US 6431127 B2
A ventilation device of an agricultural vehicle such as a combine, forage harvester or tractor having an engine (10) and a cooling device (12) for cooling the engine (10) and/or additional parts to be cooled that are in a heat conducting relationship. The ventilation device comprises a fan (20) a fan drive (18) and a control system (26) connected to the fan drive (18) to regulate the feeding rate of the fan (20). The control system (26) is arranged to control the fan drive (18) in the most energy-efficient way while making allowance for the amount of ambient air required by the cooling device (12) and the drive power requirements of the fan (20) using a flat logic (fuzzy control).

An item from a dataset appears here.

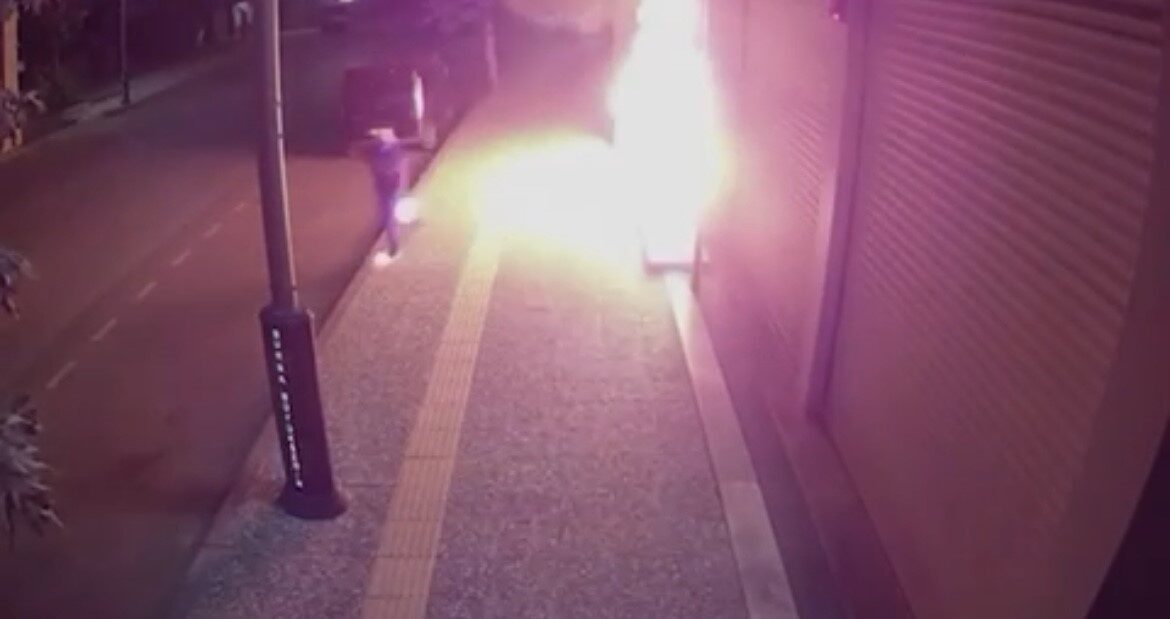 Bursa İl Emniyet Müdürlüğü, KOM ekipleriyle eş zamanlı operasyonlar düzenleyerek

1. A method of controlling a variable speed fan drive for a vehicle cooling fan of a vehicle having at least one component system that requires cooling including an engine, a cooling device, a fan for moving ambient air through the cooling device, a fan drive and a control system connected to the fan drive to regulate the feeding rate of the fan, the method comprising the steps of:
determining the total cooling capacity requirements of the component systems;
if the total cooling requirement is greater than zero, determine the amount of air flow through the cooling device to meet the total cooling capacity requirement in a first predefined time period;
determining the optimum fan rotary speed necessary to achieve the amount if air flow determined in the previous step while considering the fan moment of inertia to minimize the fan acceleration torque load;
setting the fan rotary speed at the speed determined in the previous step and controlling the acceleration of the fan speed as determined in the previous step; and
waiting the first predefined time period and repeating the above steps.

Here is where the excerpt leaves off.